WHAT IS NEEDED: Everything from the line containing "Justice League Hollywood" to the last line of the listing below should be restated exactly, both ends included, with nothing added and the pictures omitted.
** Opening EXTRACTED INFORMATION block **
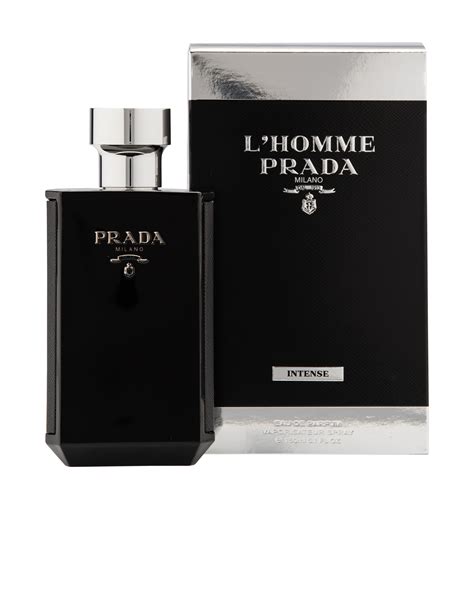 prada l'homme reformulation|Prada l'homme intense.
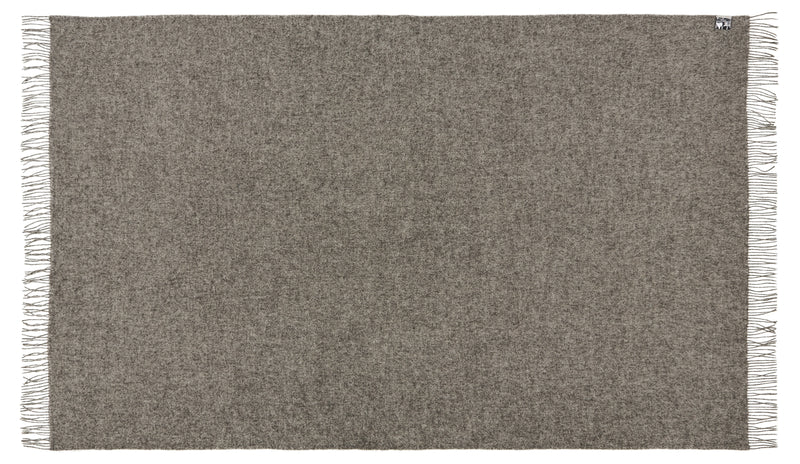 Silkeborg Uldspinderi ApS Samsø 85x130 cm Throw 00116 Dark Nordic Grey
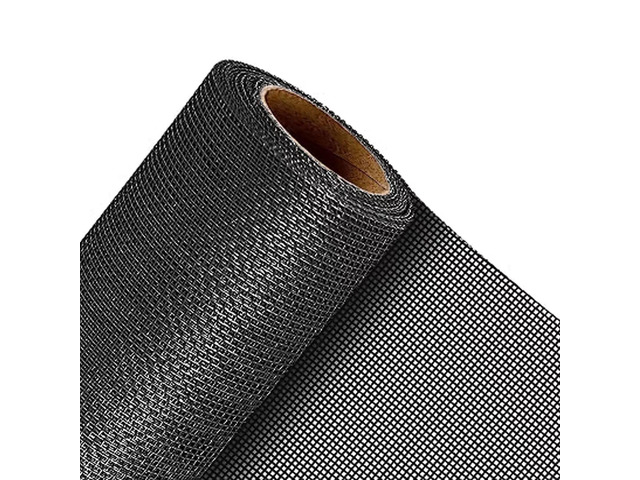 Pet Proof Window Screen Replacement Kit, 39''x 360'' Durable High Hardness Screen Mesh for Sliding Screen Door,Patio and Windows.(Rolled Package...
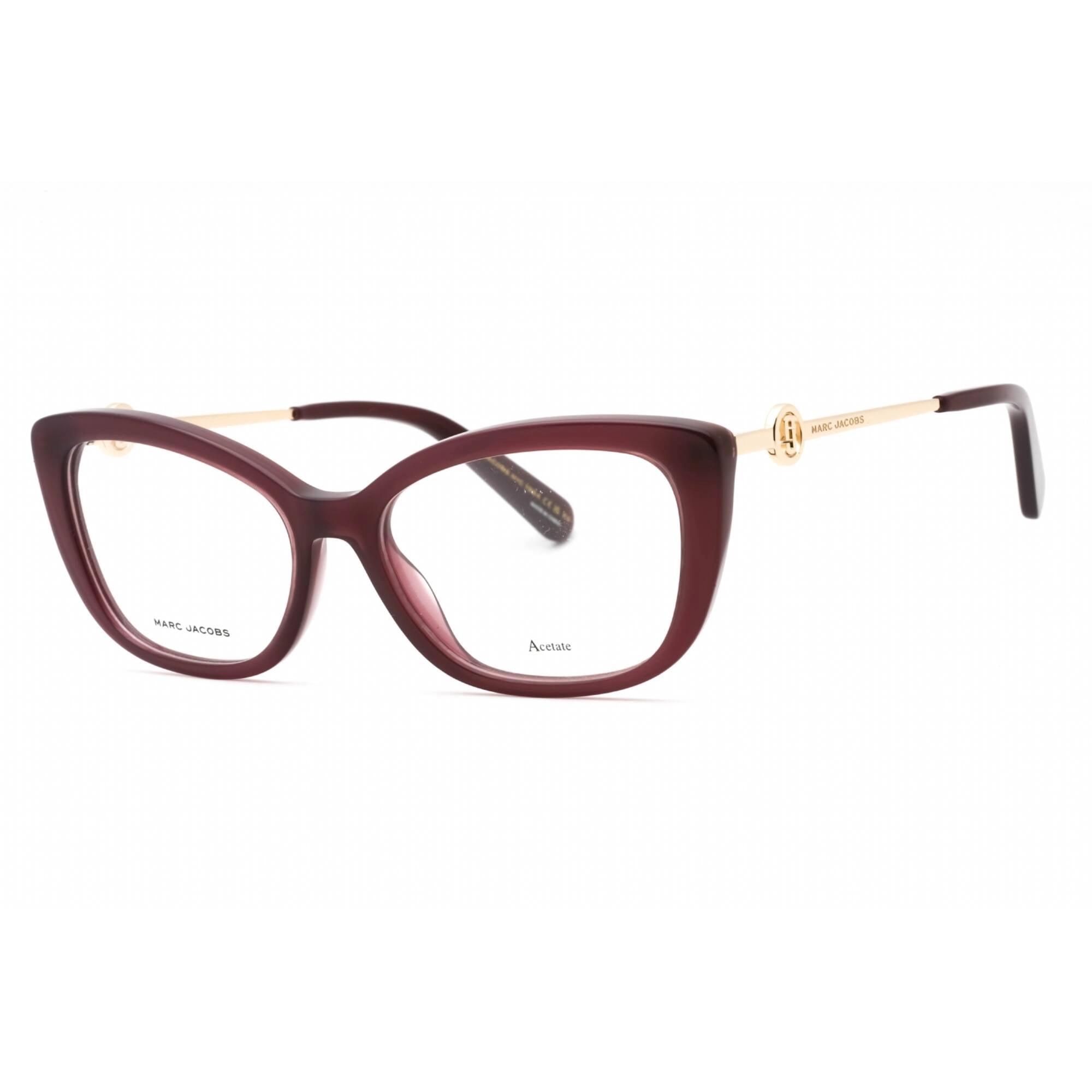 Marc Jacobs Women's Eyeglasses - Violet Cat Eye Full Rim Frame | MARC 692 0B3V 00
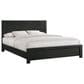 Mayberry Hill South Bend King Panel Bed with Two Nightstands in Black, , large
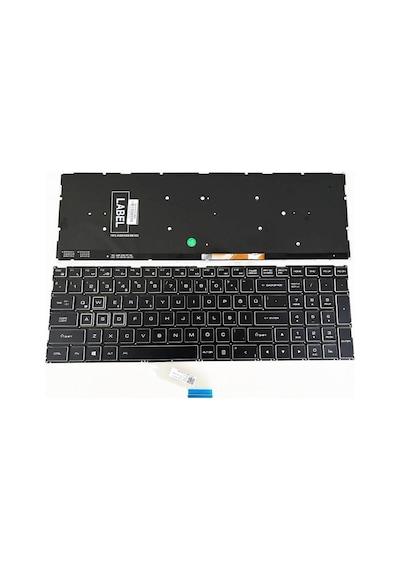 Casper Excalibur G870 Serisi Klavye  Aydınlatmalı Tuş Takımı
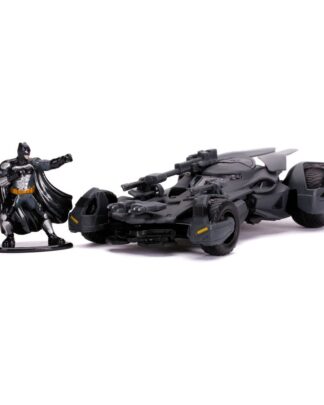 Justice League Hollywood Rides Diecast Modell 1/32 Batmobil mit Figur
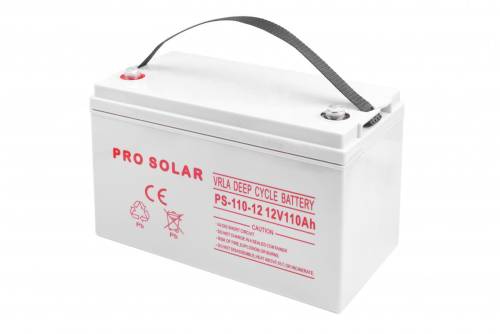 AKUMULATOR VOLT POLSKA DEEP CYCLE VPRO SOLAR 12V 110 Ah VRLA BEZOBSŁUGOWY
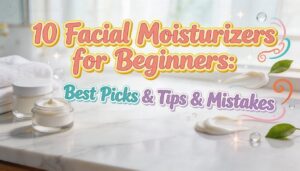 facial moisturizers for beginners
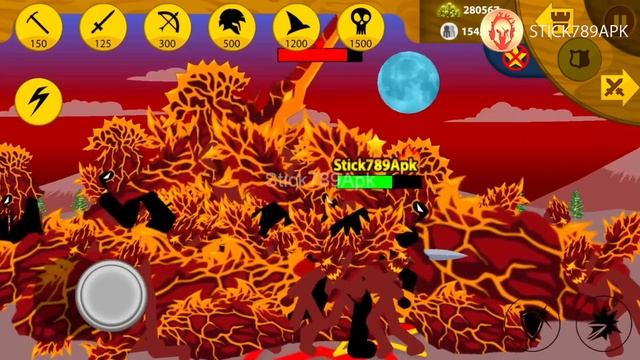 XIPHOS, MEGA ICE GRIFFON TEAM UP TO DEFEAT TWIN DEMON BOSS LAVA | Stick War Legacy Mod | Stick789Ap смотреть онлайн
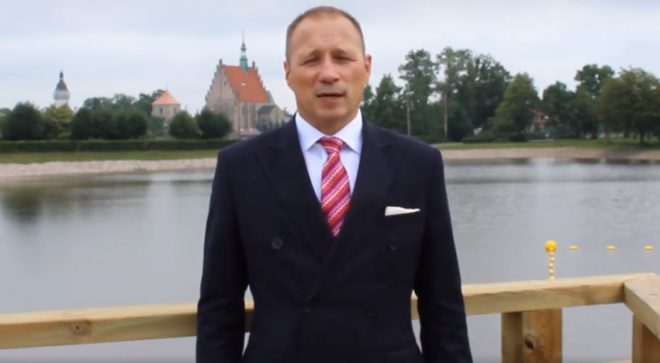 Burmistrz o stanie wody w zalewie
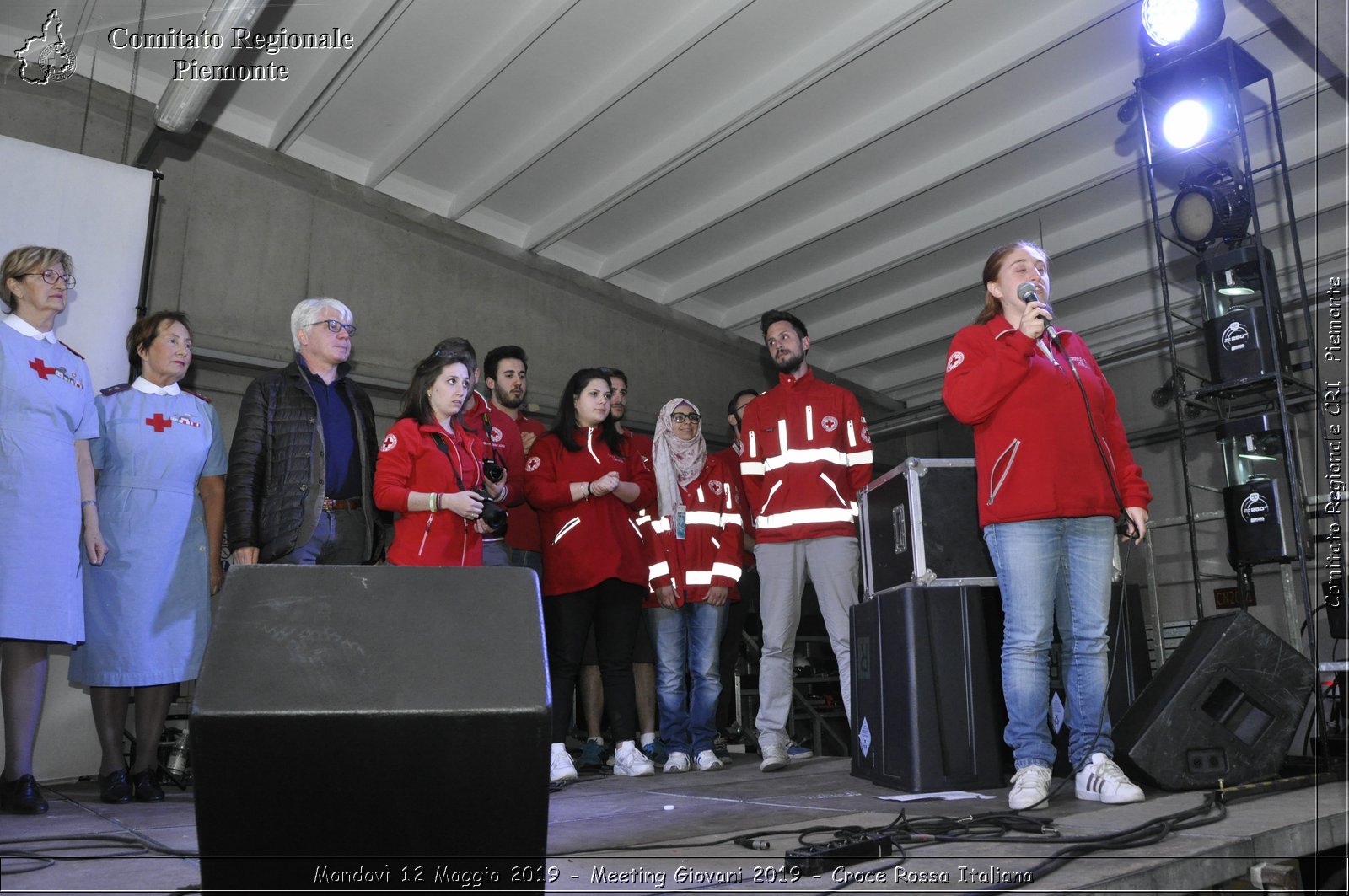 Mondov 12 Maggio 2019 - Meeting Giovani 2019 - Croce Rossa Italiana - Comitato Regionale del Piemonte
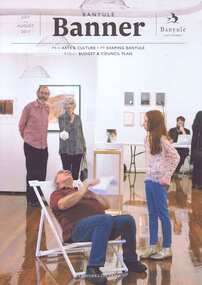 Magazine, Banyule City Council, Banyule Banner July/August 2017, 2017_07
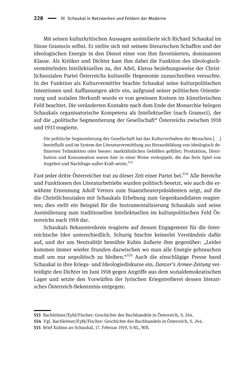 Image of the Page - 228 - in Richard Schaukal in Netzwerken und Feldern der literarischen Moderne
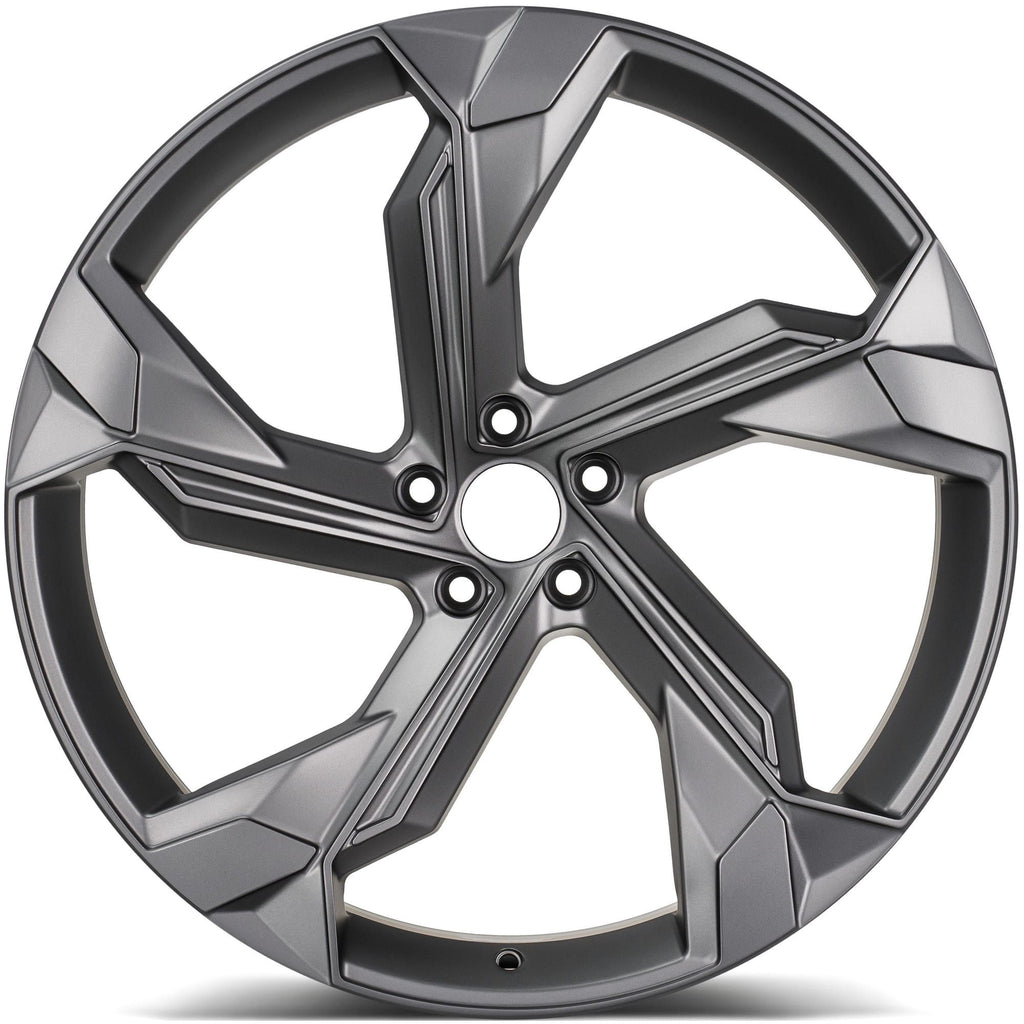 Jante Audi R22 5x112 Satin Graphite E-Tron Style | A8 Q7 SQ7 Q8 SQ8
** Closing EXTRACTED INFORMATION block **
SOLUTION:
 Justice League Hollywood Rides Diecast Modell 1/32 Batmobil mit Figur
 AKUMULATOR VOLT POLSKA DEEP CYCLE VPRO SOLAR 12V 110 Ah VRLA BEZOBSŁUGOWY
 facial moisturizers for beginners
 XIPHOS, MEGA ICE GRIFFON TEAM UP TO DEFEAT TWIN DEMON BOSS LAVA | Stick War Legacy Mod | Stick789Ap смотреть онлайн
 Burmistrz o stanie wody w zalewie
 Mondov 12 Maggio 2019 - Meeting Giovani 2019 - Croce Rossa Italiana - Comitato Regionale del Piemonte
 Magazine, Banyule City Council, Banyule Banner July/August 2017, 2017_07
 Image of the Page - 228 - in Richard Schaukal in Netzwerken und Feldern der literarischen Moderne
 Jante Audi R22 5x112 Satin Graphite E-Tron Style | A8 Q7 SQ7 Q8 SQ8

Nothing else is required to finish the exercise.